Basic steps toward reproducible research. See also scientific computation workflow, and build/pipelines tools. The painful process of journals and article validation is under academic publishing.

Open notebooks

What do you get when you take your scientific workbooks or other and publish them online along with the data? An open notebook! These are huge in the machine learning pedagogy world right now, and small-to-medium in the applied-machine-learning, especially the recruitment end of that. They are noticeable but rare AFAICS in the rest of the world.

If you want in-depth justifications for open notebooks, see Caleb McDaniel or Ben Marwick’s slide deck.

I’m interested in this because it seems like the actual original pitch for how scientific research was supposed to work, with rapid improvement upon each others’ ideas. Whether I get around to fostering such stuff despite the fact that it is not valued by my employer, that is the question.

Containerized workflow

Docker is designed for reproducible deployment which makes it an approximate fit for reproducible research. See docker for reproducible research.

Build tools

A reproducible experiment is closely coupled to with build tools, which recreate all the, possibly complicated and lengthy, steps. Some of the build tools I document have reproducibility as a primary focus, notably DVC, drake, lancet, and pachyderm.

Sundry data sharing ideas

See Data sharing.


codeocean seems to be a major entrant here.
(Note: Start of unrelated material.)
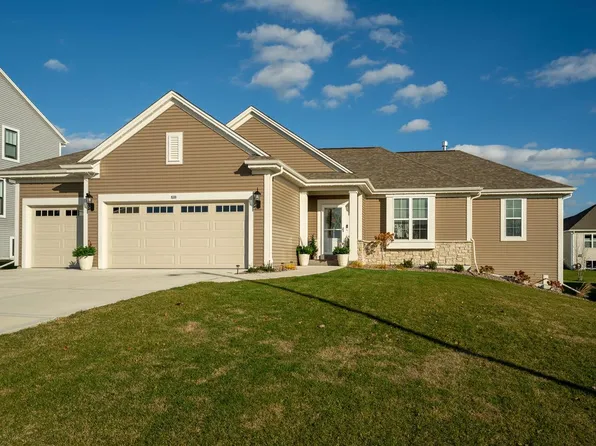 634 Lambert DRIVE, Slinger, WI 53086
For the first time, researchers, engineers, developers and scientists can upload code and data in any open source programming language and link working code in a computational environment with the associated article for free. We assign a Digital Object Identifier (DOI) to the algorithm, providing correct attribution and a connection to the published research.

The platform provides open access to the published software code and data to view and download for everyone for free. But the real treat is that users can execute all published code without installing anything on their personal computer. Everything runs in the cloud on CPUs or GPUs according to the user needs. We make it easy to change parameters, modify the code, upload data, run it again, and see how the results change.

The also ran a workshop on this.

Possibly Sylabs cloud is a similar project?